CHAIN also tells us that:

  • 5,276 people were new rough sleepers, 64% of new rough sleepers were only seen once in the year, compared to 67% in 2014/15 and 70% in 2013/14.
  • 85 per cent are male and the proportion of women has risen slightly over the last two years by 1%.
  • 57 per cent are aged between 26 and 45 years with 1 in 10 under 25 and 11 per cent over 55.
  • Many have one or more support needs: 43 per cent alcohol; 31 per cent drugs; 46 per cent mental health. The proportion of rough sleepers with no support needs is 26 per cent.
  • A third (32%) of people seen rough sleeping in 2015/16 had experience of serving time in prison, while 10% had experience of the care system and 8% had served in the armed forces.
  • Where nationality was recorded, 3,271 people rough sleeping were UK nationals - 41 per cent of the total.  37per cent were from Central and Eastern European countries. For more information see 'Homelessness among different groups'.


In 2001, a major report by the Scottish Executive found that in a two week period, there were as many as 500 people who had slept rough for at least one night. These figures were collected by a survey of projects and services working with homeless people across Scotland. The report also found that:

  • Over 80 per cent of rough sleepers were male.
  • 45 per cent were aged between 25 and 40 years.
  • 25 per cent were under 24 years old.
  • Around one-third were in Glasgow and another one-thrid were in Edinburgh.

By October 2003, the same survey found that the number of people sleeping rough over a two week period had reduced to 328. This survey is no longer carried out. However, local authorities in Scotland do collect more detailed data on people applying for homelessness assistance than their English counterparts

In 2013/14, 1,787 of those who went to their local authority for homelessness assistance reported that they slept rough the previous night. The previous housing situation for 204 of them was ‘long term roofless'.


In November 2015 the Welsh Government undertook a national rough sleeping monitoring exercise. The exercise was carried out by Local Authorities in partnership with other local agencies. Its objective was to gauge the extent of rough sleeping across Wales via a two-week information gathering exercise followed by one snap shot count on 25 November 2015.

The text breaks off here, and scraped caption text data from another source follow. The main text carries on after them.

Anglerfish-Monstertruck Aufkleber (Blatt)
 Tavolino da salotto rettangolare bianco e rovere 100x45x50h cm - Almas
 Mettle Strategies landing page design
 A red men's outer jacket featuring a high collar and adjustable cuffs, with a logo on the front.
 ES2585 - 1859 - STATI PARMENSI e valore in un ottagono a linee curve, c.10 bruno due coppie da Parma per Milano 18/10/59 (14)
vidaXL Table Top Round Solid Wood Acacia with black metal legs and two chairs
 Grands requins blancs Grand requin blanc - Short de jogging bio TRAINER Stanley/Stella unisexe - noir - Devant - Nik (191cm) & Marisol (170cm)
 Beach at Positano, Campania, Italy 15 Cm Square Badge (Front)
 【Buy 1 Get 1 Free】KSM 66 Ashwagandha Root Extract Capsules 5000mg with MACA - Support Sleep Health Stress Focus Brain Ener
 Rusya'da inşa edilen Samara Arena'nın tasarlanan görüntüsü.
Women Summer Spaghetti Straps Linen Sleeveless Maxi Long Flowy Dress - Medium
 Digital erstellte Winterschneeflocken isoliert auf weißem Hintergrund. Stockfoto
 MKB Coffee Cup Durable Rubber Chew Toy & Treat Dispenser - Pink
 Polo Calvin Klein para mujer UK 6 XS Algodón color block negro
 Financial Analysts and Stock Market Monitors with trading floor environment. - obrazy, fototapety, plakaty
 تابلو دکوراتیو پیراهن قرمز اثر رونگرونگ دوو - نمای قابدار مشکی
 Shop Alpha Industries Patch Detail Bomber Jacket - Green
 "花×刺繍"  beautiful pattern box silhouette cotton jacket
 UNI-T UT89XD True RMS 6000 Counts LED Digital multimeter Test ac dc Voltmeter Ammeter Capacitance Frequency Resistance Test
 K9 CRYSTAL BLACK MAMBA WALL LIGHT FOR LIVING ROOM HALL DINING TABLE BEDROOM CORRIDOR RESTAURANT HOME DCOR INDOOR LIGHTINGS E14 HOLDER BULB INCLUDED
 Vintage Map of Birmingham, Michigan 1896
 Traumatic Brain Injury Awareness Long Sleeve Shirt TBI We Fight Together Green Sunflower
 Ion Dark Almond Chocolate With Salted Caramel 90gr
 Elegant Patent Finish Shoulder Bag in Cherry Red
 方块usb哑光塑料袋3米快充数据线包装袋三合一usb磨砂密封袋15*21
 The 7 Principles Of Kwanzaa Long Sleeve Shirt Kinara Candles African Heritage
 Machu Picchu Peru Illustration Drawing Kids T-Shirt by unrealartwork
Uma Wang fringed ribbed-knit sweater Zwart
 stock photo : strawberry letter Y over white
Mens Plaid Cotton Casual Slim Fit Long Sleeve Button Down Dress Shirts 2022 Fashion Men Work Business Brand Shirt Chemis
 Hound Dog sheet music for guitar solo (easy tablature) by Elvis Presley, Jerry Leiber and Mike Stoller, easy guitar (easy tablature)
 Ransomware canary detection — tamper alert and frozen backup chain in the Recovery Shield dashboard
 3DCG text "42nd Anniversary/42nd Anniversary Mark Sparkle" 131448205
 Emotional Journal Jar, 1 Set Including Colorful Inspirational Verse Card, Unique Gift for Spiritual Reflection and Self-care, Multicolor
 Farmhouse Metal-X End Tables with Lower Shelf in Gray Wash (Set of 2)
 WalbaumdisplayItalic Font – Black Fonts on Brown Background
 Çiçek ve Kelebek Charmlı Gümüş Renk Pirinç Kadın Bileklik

The information will be used by the Welsh Government, homelessness agencies and other housing organisations to monitor trends in the overall level of rough sleeping while also monitoring the effectiveness of current policies.

  • Local Authorities estimated in the 2 weeks between 2nd and 15th November 2015 that 240 persons were sleeping rough across Wales. 
  • On the night of the count, 25 November 2015, 82 people were observed rough sleeping.
  • There are 180 emergency bed spaces across Wales but on the night of the count only 11 per cent of those bed spaces (19) were vacant and available. This discrepancy was worst in Cardiff and Wrexham.